The fourth standardized moment is the expected value of the z-score raised to the fourth power. Conceptually this quantity represents the relationship between the extremity of the score and the variability of the score. When the fourth standardized moment is large, it means that scores become more variable as they become extreme at both ends of the distribution. That is, both tails of the distribution are thick, meaning that when there are outliers, they will be more extreme. When the fourth standardized moment is small, it means that scores become less variable at the extremes. In this case, the tails of the distribution will be thin such that outliers will be less extreme.

$\mathcal{E}\left(\left(\frac{X-\mu}{\sigma}\right)^4\right)=\mathcal{E}\left(z^4\right)=\mathcal{E}\left(\underbrace{z^2}_{\text{Extremity}}\cdot \underbrace{z^2}_{\text{Variability}}\right)$

The kurtosis statistic is the fourth standardized moment minus three. Like the fourth standardizd moment, it is a measure of the thickness of a distributions tails.

Kurotosis measures the extremity of outliers at the tails of a distribution.

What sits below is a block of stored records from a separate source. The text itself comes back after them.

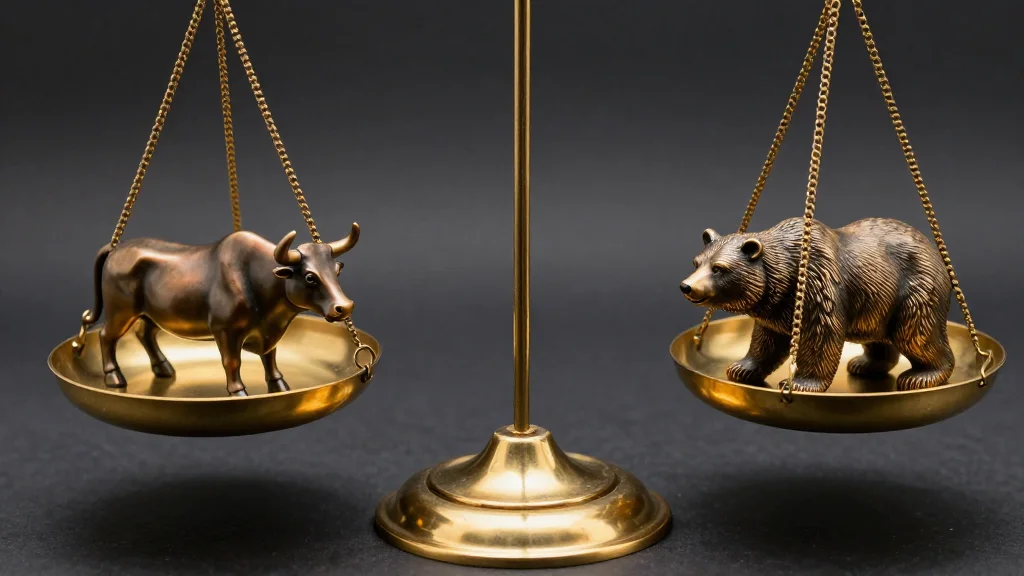 S&P 500 Stalls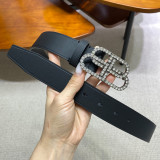 P1J41J1 Popular   High quality belt With full package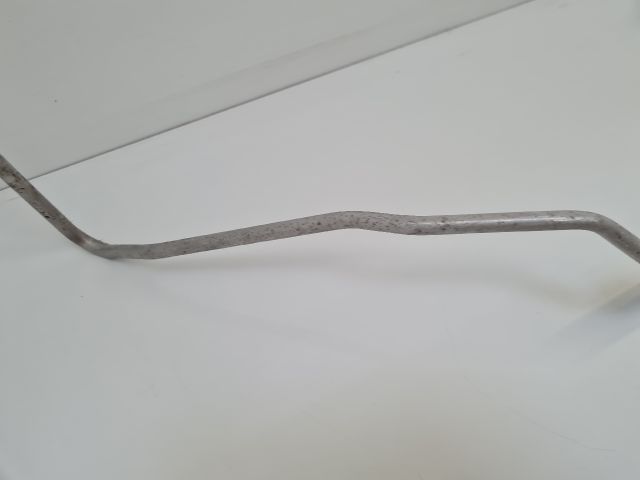 bontott VW GOLF VI Klíma Cső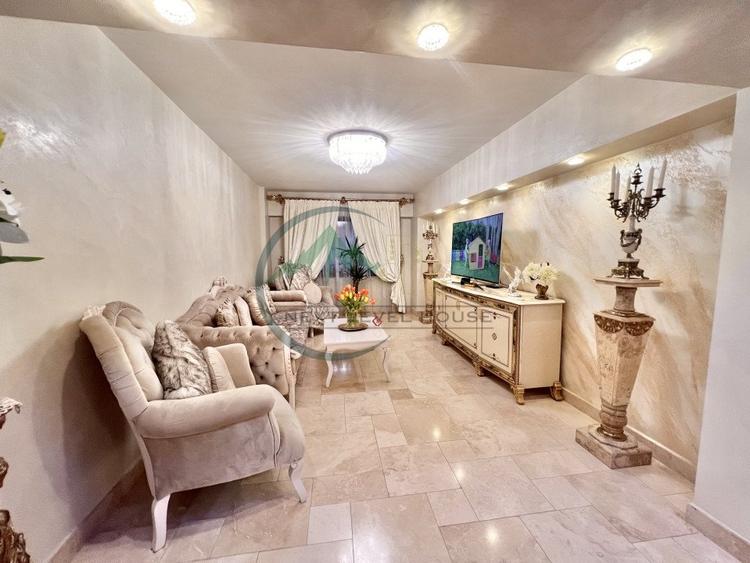 Apartament 4 camere, Racadau - Pietonala - 20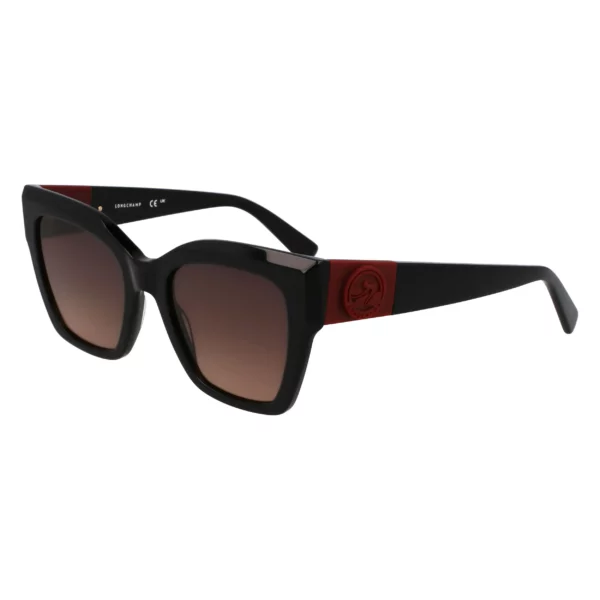 LONGCHAMP SYZE LO762S 001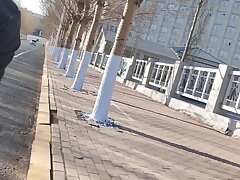 acfnm_3 Innocent Girl's Forbidden Journey-Becoming Two Men's Ultimate Fantasy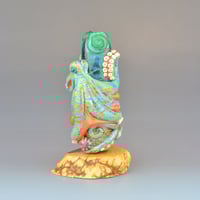 Image 2 of Custom Order for Geraldine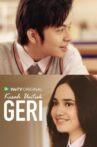 Geri's Story Movie Streaming Online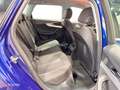 Audi A4 Avant sport*Garantie*Tacho Digital* Bleu - thumbnail 14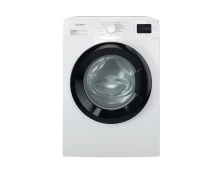 Indesit IM 1064B MY TIME EE Πλυντήριο Ρούχων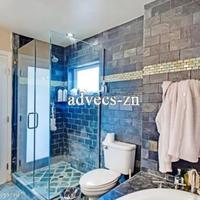 House in the USA, Maryland, California, 240 sq.m.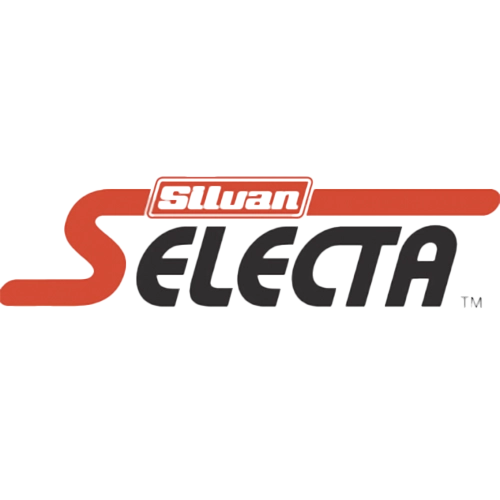 Silvan Selecta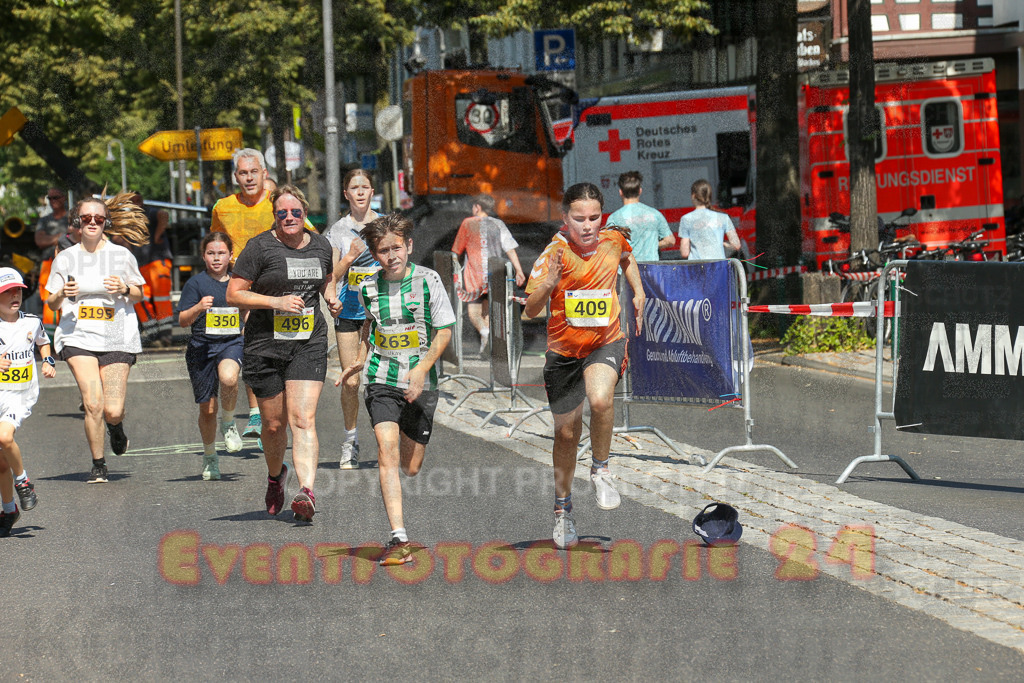 250621_1047_EX1_2599 | Sportfotografie im Rhein-Sieg Kreis, Köln, Bonn, NRW, Rheinland Pfalz, Hessen, etc. Unser Tätigkeitsfeld umfasst den Laufsport vom Volkslauf über den Marathon, Duathlon, Triathon bis zum Ultralauf wie Kölnpfad Ultra oder Schindertrail.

$\text{Kurtosis}=\mathcal{E}\left(\left(\frac{X-\mu}{\sigma}\right)^4\right)-3$

Because the normal distribution has a fourth standardized moment of 3, its kurtosis is 0. Thus, kurtosis can be seen as a measure of how thick the tails of the distribution are compared to the tail thickness of the normal distribution. Kurtosis has no upper bound, but it does have a lower bound. The Bernoulli distribution with probability of .5 is either 0 or 1 with equal probability. This distribution has, essentially, no tails at all. The variability at its extremes is none whatsoever. The kurtosis of this distribution is −2, which is the lowest possible value this statistic can take.